Single Flame is Lucy Ward’s much anticipated second album, finally released after the huge buzz generated from her first album Adelphi has to Fly back in 2011. Ward is widely considered one of the new age folk musicians hitting the highest bar there is.
This second album does not disappoint at all. It breaks out straight away with a mesmerising song called I Cannot Say I Will Not Speak, which gives us a slow boom of her voice backed by guitars, vocals and percussion. The track very much sets the level for the whole album, presenting us early on a full of idea of how the album will sound.
This kind of modernised folk occurs throughout the whole album, appearing again particularly well during The Last Pirourette which adds some talented fiddle skills into the bubbling musical soup.

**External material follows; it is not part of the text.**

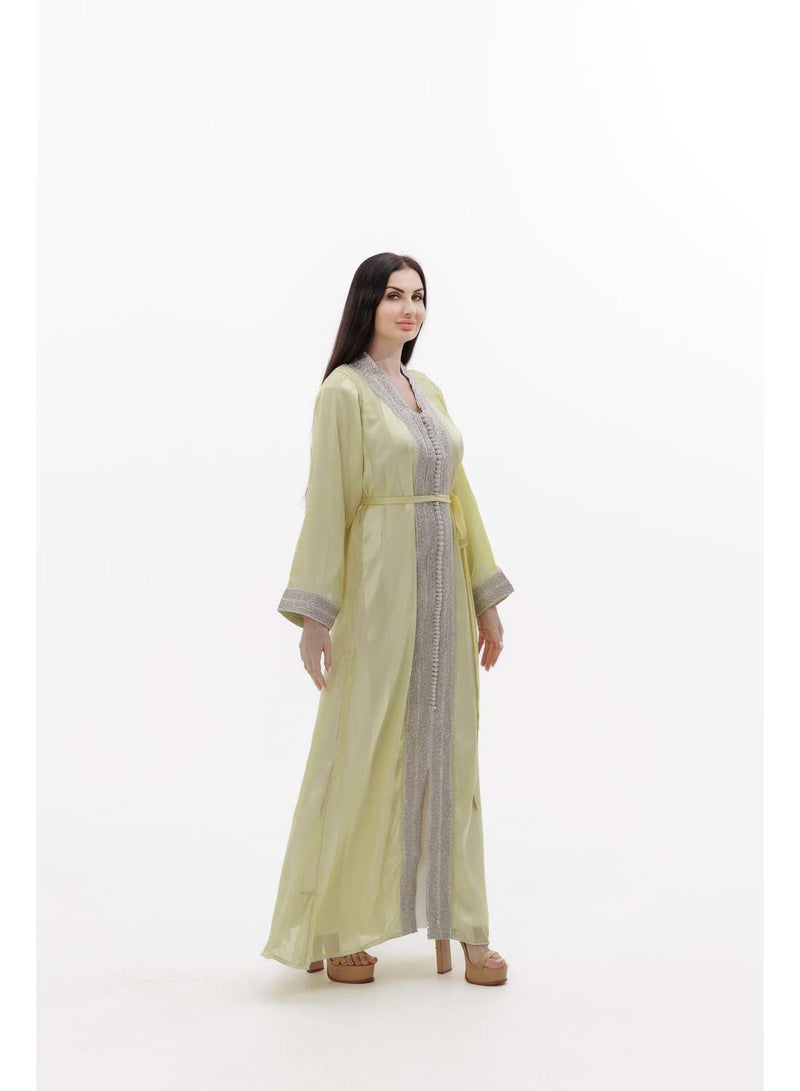 HANA & SARA LONG CLASSY SIMPLE LIGHT YELLOW COLOUR FRONT LACE BUTTON LINING ARABIC KAFTAN JALABIYA DRESS  - Image 4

We get a very interesting modernisation of traditional folk ideas, which although firmly in traditional roots, does stretch beyond this genre into a new musical arrangement. The tracks Honey and Velvet Sky are a lot less rock than the first track. Instead of a large accompaniment, we get a soft guitar strumming and gentle, soothing vocals, showing that Ward is capable of a variety of different styles but can still keep them connected where it is important.
As well as the music, we do get an array of artistic lyrics, particularly in Icarus and Lord I Don’t Want to Die in the Storm, Ward’s voice acting like a brush on canvas.
We also get faster paced foot tapping music in the form of Marching through the Green Grass which gives us a brilliant combination of rock and folk just to add a little extra spark into the album and surprise the listeners after a couple of softer tracks.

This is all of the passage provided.